* _WHAT TO PRODUCE_
Exactly the lines below from the line with "烟花爆竹在黑暗的天空在晚上庆祝新年, 计数 d" through the line with "Домкрат Skoda Rapid" must make up the answer, both ends included and pictures left out.
>>
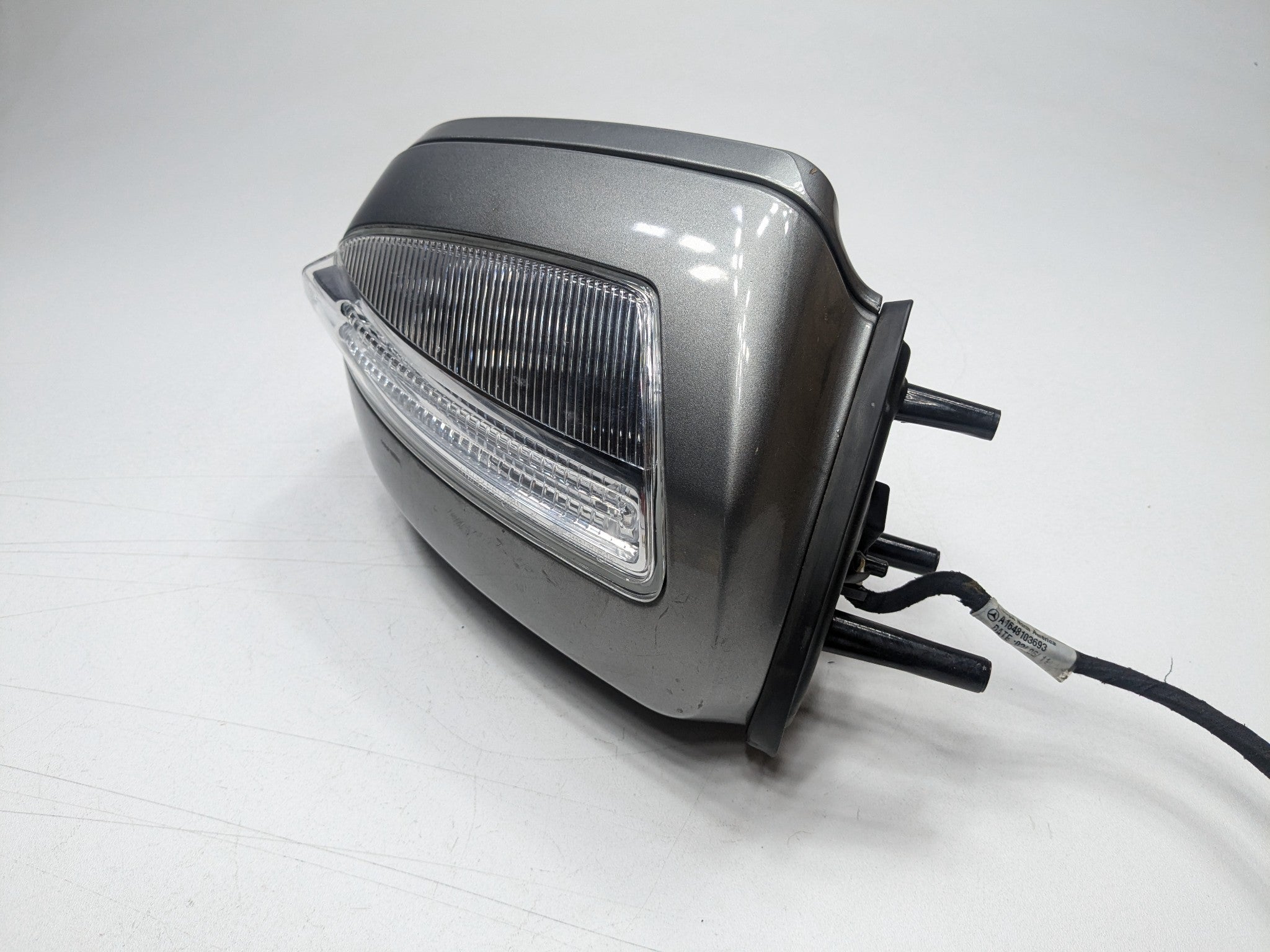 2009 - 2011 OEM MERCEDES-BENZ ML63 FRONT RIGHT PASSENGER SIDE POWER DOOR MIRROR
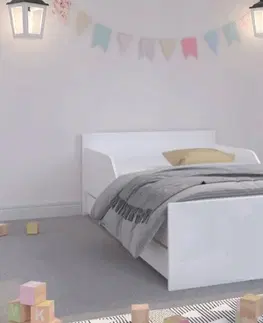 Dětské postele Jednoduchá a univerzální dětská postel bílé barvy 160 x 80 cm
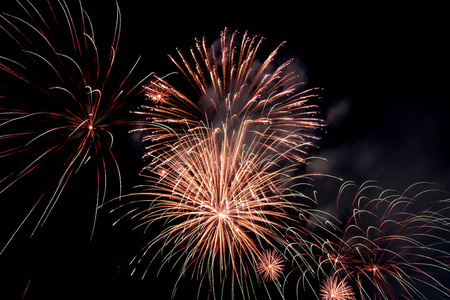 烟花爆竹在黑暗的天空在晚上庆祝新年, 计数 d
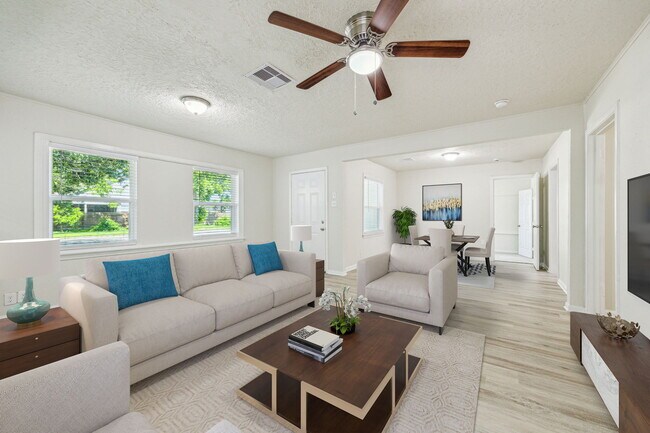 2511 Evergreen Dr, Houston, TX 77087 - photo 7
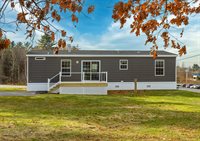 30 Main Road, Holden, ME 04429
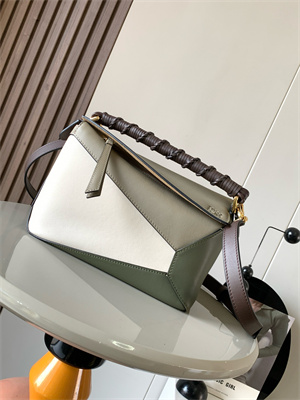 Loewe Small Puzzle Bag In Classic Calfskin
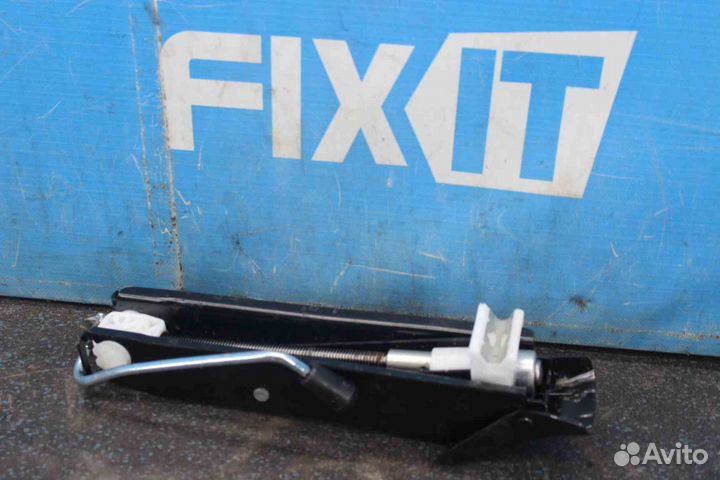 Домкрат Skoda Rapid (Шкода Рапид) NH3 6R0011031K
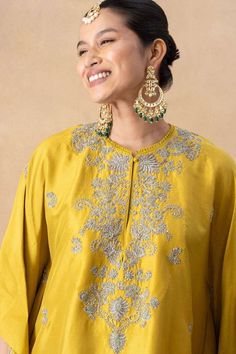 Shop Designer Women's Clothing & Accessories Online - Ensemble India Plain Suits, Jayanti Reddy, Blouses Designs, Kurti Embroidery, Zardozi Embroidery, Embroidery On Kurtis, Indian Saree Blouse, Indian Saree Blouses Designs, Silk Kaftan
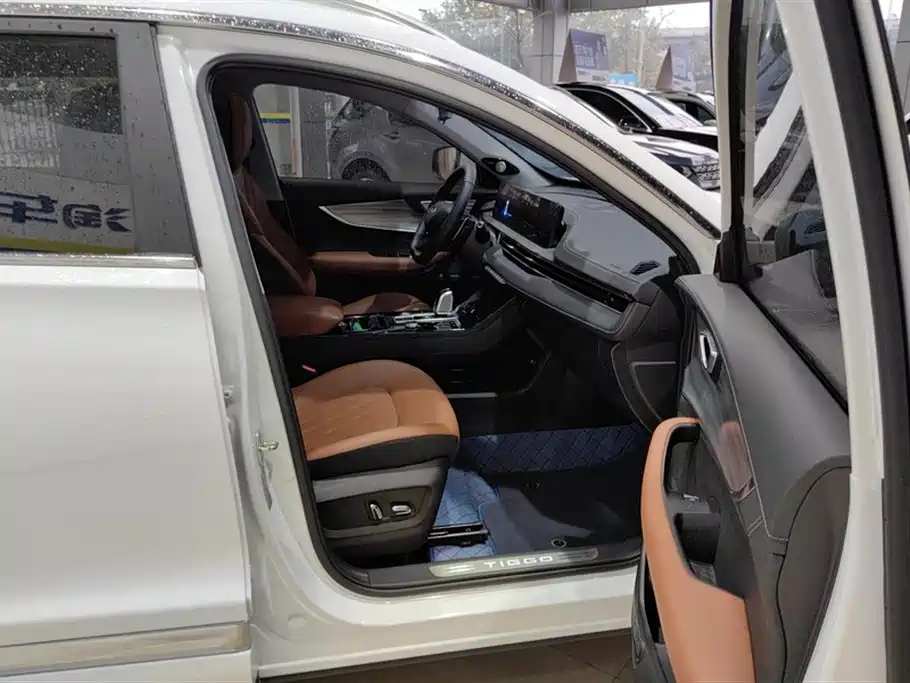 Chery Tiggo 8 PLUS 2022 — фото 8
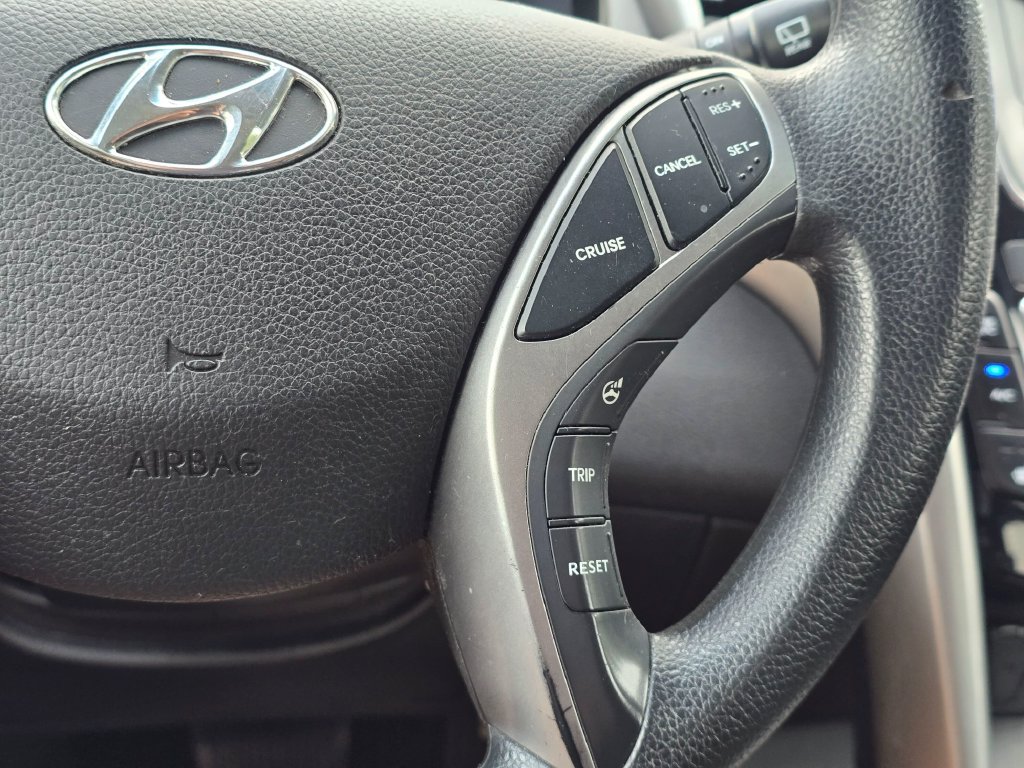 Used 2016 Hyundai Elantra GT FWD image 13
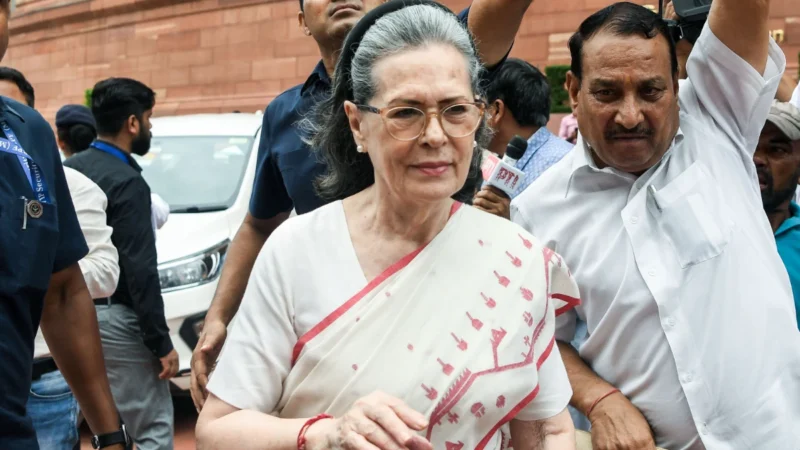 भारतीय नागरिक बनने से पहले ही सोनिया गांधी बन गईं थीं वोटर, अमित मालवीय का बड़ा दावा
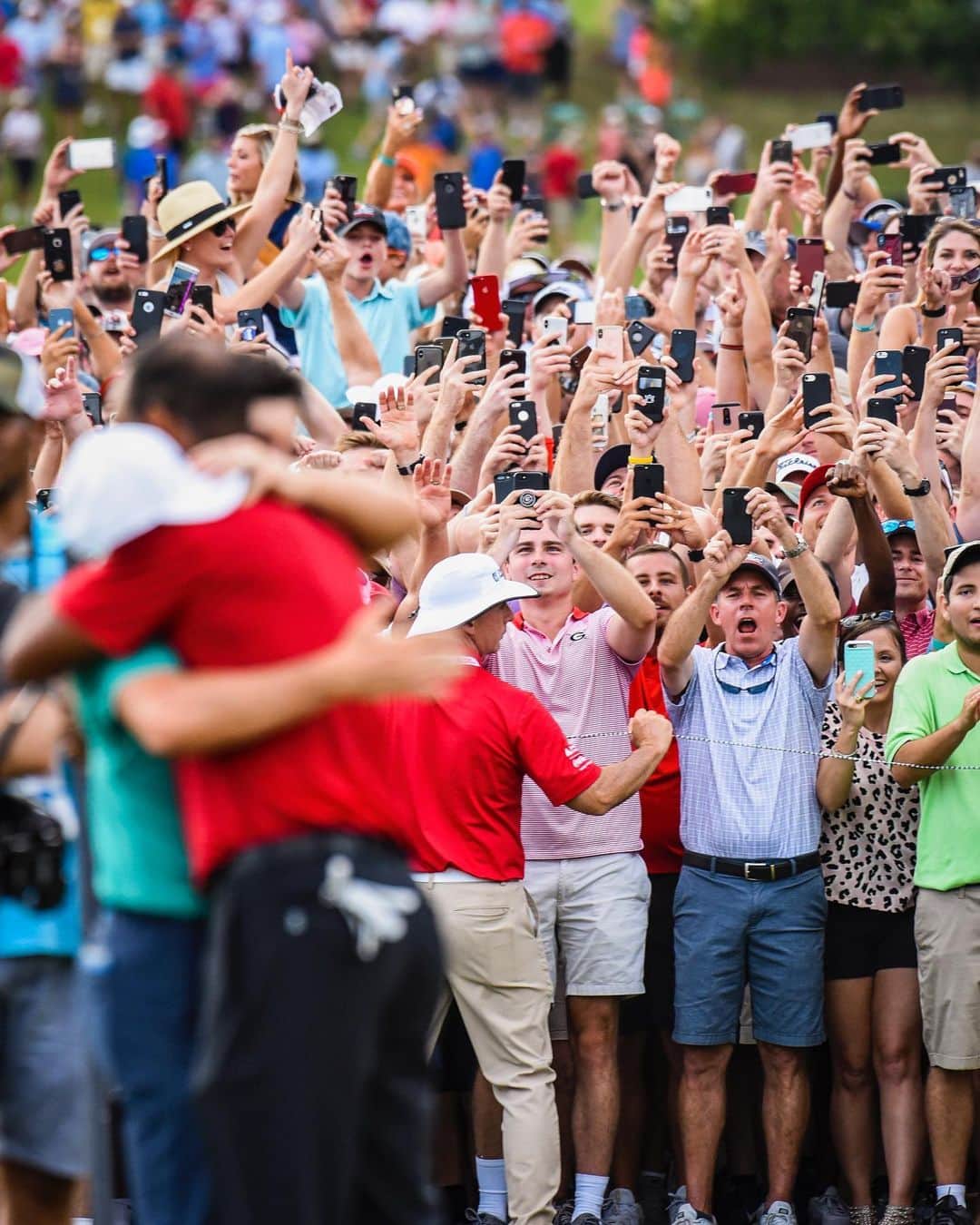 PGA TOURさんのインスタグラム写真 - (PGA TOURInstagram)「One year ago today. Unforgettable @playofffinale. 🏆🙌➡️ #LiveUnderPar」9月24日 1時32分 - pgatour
<<
* _EXERCISE OUTPUT_
 烟花爆竹在黑暗的天空在晚上庆祝新年, 计数 d
 2511 Evergreen Dr, Houston, TX 77087 - photo 7
 30 Main Road, Holden, ME 04429
 Loewe Small Puzzle Bag In Classic Calfskin
 Домкрат Skoda Rapid (Шкода Рапид) NH3 6R0011031K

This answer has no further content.